December 19, 2011 | by Andrew Kameka
The acquisition that wasn’t is now official – AT&T will not complete its planned acquisition of T-Mobile USA. Following continued opposition from the U.S. Department of Justice and FCC, AT&T has abandoned its purrsuit of T-Mobile and will not pursue the matter any further.
AT&T has just issued a statement to the press confirming that deal is officially over after “a thorough review of options it has agreed with Deutsche Telekom AG to end its bid to acquire T-Mobile USA, which began in March of this year.”
The statement went on to blame the FCC and DOJ for blocking this transaction and, in AT&T’s view, failing to provide options to improve service in the wireless industry.
[The wireless industry] is one of the most fiercely competitive industries in the world, with a mounting need for more spectrum that has not diminished and must be addressed immediately. The AT&T and T-Mobile USA combination would have offered an interim solution to this spectrum shortage. In the absence of such steps, customers will be harmed and needed investment will be stifled.

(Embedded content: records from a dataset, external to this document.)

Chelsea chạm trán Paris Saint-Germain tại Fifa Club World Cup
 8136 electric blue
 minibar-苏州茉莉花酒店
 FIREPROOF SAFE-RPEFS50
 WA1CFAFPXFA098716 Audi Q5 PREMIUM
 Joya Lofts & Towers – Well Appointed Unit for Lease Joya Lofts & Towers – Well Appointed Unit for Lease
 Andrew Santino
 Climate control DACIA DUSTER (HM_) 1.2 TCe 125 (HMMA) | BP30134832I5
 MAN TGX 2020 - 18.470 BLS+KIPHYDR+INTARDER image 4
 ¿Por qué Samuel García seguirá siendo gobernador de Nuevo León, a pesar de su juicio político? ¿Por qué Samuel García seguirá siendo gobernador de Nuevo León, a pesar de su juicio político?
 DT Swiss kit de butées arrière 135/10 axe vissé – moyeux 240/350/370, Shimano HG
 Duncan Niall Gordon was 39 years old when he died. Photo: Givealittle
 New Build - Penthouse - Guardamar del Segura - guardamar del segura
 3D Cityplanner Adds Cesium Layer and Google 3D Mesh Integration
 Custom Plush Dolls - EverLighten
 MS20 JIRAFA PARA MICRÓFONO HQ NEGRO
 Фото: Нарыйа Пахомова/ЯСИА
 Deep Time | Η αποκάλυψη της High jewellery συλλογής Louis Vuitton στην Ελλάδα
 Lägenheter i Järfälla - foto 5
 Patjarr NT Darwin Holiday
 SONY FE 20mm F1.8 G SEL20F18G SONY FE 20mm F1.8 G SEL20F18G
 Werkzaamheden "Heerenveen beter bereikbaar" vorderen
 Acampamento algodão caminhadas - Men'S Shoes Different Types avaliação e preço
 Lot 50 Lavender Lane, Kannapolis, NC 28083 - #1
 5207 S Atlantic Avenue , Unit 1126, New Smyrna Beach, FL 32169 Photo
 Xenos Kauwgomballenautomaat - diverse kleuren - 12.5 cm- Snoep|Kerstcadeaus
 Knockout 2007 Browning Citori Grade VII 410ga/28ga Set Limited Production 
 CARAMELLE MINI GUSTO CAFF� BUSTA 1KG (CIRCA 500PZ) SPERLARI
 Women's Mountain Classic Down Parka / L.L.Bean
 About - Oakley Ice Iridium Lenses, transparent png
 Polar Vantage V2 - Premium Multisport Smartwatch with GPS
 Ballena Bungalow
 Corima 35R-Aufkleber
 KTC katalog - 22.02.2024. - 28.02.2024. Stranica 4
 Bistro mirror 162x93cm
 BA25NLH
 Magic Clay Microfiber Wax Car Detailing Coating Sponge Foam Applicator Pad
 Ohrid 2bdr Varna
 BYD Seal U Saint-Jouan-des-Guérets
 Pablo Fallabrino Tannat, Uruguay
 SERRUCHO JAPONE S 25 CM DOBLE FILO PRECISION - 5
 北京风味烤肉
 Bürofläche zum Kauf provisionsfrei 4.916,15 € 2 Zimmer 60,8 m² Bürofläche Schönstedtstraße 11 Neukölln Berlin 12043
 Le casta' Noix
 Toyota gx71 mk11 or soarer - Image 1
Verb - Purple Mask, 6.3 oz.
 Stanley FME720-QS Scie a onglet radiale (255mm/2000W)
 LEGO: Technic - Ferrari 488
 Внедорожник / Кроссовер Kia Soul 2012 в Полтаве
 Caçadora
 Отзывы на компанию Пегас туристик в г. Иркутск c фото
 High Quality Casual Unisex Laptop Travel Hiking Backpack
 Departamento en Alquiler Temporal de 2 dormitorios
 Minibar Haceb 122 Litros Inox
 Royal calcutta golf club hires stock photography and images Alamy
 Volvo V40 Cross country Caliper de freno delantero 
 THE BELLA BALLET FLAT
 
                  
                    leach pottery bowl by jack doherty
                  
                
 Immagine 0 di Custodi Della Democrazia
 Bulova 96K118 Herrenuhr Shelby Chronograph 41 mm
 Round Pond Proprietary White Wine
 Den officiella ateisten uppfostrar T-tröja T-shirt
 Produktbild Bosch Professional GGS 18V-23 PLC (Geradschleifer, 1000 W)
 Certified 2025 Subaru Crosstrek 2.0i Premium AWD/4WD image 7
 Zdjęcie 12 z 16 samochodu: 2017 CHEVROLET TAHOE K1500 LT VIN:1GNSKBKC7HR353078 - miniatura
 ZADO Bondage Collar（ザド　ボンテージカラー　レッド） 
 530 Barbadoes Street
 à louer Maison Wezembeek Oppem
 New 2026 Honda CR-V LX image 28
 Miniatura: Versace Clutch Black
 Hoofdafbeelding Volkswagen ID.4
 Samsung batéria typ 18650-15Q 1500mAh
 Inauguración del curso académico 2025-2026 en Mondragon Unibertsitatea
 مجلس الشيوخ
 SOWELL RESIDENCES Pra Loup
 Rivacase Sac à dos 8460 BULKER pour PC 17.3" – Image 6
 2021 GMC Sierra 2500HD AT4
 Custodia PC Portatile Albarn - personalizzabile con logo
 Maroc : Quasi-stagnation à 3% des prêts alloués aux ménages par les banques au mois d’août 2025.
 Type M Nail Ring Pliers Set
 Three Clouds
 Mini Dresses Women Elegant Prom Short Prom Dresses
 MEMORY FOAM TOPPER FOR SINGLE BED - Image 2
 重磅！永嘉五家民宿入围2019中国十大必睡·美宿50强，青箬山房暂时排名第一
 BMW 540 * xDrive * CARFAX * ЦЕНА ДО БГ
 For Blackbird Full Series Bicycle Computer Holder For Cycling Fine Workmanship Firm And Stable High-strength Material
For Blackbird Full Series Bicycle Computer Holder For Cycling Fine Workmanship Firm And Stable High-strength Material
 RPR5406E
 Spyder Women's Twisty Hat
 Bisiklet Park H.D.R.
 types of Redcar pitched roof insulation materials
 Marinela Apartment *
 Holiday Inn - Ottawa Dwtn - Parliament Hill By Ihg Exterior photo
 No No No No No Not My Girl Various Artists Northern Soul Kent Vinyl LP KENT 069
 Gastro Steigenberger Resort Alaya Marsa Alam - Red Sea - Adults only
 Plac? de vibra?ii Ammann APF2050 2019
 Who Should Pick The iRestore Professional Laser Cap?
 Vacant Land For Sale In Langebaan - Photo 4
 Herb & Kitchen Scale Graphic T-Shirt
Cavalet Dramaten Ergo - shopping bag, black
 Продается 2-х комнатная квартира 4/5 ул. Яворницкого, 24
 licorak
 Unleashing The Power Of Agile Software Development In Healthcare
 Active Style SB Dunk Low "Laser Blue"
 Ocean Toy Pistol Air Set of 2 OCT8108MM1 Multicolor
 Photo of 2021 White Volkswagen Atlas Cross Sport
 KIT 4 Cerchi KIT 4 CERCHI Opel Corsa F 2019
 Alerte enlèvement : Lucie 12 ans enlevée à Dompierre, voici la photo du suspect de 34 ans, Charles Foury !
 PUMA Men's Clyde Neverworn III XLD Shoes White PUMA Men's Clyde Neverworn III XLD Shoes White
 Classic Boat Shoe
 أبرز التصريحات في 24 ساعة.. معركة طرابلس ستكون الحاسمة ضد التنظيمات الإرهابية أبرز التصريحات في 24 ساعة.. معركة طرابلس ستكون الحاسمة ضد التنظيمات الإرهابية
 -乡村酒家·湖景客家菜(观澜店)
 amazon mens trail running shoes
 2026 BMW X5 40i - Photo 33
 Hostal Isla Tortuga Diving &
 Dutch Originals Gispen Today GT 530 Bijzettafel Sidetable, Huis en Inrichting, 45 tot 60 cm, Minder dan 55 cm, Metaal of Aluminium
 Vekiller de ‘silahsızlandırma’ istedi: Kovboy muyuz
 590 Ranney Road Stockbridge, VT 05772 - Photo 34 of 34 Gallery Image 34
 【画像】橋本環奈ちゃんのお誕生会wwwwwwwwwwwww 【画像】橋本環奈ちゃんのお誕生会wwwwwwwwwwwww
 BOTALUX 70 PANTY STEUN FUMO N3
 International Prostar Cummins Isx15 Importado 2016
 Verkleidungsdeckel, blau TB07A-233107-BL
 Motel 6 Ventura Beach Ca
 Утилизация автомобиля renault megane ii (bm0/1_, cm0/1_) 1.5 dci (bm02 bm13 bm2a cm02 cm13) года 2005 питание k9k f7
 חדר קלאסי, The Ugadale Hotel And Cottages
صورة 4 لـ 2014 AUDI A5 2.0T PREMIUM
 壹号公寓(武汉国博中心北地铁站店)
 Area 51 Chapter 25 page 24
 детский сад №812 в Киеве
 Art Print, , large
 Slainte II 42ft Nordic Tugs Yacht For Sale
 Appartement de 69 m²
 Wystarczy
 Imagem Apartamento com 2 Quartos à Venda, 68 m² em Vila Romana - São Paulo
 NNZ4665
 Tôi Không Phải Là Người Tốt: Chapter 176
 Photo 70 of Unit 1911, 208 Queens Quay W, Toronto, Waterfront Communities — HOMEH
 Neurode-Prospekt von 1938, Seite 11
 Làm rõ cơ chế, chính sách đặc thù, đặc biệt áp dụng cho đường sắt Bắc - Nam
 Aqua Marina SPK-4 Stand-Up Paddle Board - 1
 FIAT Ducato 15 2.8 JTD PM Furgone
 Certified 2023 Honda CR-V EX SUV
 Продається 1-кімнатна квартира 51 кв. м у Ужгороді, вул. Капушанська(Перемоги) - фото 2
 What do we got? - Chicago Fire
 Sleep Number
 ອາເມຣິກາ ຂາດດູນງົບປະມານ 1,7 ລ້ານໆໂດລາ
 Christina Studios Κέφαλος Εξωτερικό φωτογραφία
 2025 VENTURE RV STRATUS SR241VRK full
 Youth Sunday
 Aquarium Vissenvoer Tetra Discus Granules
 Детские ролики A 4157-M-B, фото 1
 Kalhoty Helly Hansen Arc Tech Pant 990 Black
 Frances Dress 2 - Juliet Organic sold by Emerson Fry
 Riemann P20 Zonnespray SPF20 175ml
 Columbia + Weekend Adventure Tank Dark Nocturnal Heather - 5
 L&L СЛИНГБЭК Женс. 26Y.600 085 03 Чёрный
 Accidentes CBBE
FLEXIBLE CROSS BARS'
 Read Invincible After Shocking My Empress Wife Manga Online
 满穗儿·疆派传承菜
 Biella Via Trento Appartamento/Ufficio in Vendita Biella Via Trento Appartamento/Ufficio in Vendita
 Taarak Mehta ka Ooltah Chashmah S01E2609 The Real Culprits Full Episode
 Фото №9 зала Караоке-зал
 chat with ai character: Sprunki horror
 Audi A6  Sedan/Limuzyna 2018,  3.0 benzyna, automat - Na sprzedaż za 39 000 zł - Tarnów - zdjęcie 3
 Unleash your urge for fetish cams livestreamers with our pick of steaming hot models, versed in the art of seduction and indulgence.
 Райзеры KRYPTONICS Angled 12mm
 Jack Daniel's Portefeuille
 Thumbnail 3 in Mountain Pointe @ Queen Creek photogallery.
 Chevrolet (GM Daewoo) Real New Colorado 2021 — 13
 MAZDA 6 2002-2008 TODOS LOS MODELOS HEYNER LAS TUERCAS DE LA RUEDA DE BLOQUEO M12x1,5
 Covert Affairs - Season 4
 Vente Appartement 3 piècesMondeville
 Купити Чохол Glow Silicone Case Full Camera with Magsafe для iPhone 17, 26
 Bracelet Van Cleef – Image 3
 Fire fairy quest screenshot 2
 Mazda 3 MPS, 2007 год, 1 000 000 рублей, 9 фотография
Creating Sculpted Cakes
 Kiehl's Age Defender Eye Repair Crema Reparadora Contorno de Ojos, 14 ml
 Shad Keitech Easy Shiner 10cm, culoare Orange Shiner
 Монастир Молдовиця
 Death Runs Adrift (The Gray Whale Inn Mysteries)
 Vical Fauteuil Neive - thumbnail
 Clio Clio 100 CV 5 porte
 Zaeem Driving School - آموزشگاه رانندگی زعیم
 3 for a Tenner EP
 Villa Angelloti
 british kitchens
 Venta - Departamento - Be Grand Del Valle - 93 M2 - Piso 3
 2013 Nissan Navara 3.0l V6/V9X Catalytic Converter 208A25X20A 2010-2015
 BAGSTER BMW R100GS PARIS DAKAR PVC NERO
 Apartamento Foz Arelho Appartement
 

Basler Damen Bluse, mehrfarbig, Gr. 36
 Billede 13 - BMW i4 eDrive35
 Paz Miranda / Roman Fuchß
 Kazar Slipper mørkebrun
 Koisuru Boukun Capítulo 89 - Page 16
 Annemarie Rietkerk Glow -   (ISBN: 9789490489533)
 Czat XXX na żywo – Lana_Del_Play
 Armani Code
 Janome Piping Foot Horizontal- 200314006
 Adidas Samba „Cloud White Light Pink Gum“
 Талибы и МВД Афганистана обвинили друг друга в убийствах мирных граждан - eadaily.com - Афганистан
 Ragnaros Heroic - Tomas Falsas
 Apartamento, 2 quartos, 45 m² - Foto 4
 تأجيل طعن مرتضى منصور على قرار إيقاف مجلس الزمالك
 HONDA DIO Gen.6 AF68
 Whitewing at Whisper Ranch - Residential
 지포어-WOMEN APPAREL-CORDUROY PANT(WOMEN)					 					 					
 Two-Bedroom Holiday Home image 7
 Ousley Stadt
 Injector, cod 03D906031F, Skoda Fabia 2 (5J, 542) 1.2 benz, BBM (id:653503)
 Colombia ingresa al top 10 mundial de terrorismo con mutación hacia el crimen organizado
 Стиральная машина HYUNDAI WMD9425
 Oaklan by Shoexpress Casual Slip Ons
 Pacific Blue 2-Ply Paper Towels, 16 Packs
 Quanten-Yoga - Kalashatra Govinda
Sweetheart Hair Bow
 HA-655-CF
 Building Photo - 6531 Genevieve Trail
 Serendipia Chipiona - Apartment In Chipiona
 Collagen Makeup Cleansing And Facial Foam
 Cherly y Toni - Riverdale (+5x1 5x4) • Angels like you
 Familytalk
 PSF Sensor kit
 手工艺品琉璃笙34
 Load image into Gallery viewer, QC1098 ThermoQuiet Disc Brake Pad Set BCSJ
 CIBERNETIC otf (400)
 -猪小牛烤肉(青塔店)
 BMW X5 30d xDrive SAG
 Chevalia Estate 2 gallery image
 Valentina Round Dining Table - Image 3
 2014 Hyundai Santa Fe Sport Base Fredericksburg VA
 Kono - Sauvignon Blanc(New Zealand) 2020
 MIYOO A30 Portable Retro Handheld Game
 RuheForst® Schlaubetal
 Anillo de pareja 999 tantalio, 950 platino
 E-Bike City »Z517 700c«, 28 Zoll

Of course, competition is precisely why the U.S. government intervened to prevent AT&T’s $39 billion acquisition of T-Mobile. Had the deal gone through, the wireless carrier with the largest subscriber base would have acquired the fourth-largest nationwide carrier, which also happens to be among the most affordable. Sprint, the third-place U.S. carrier and frequent target of T-Mobile merger rumors, made similar arguments in its opposition to the AT&T deal.
AT&T will pay Deutsche Telekom, T-Mobile’s German parent company, $4 billion and enter into a “mutually beneficial roaming agreement” as a result of the failed acquisition. CEO Randall Stephenson states AT&T will pursue other means to improve its wireless network, and offered this advice to regulators.
“To meet the needs of our customers, we will continue to invest. However, adding capacity to meet these needs will require policymakers to do two things. First, in the near term, they should allow the free markets to work so that additional spectrum is available to meet the immediate needs of the U.S. wireless industry, including expeditiously approving our acquisition of unused Qualcomm spectrum currently pending before the FCC. Second, policymakers should enact legislation to meet our nation’s longer-term spectrum needs.
“The mobile Internet is a dynamic industry that can be a critical driver in restoring American economic growth and job creation, but only if companies are allowed to react quickly to customer needs and market forces”
- Randall Stephenson, AT&T Chairman and CEO.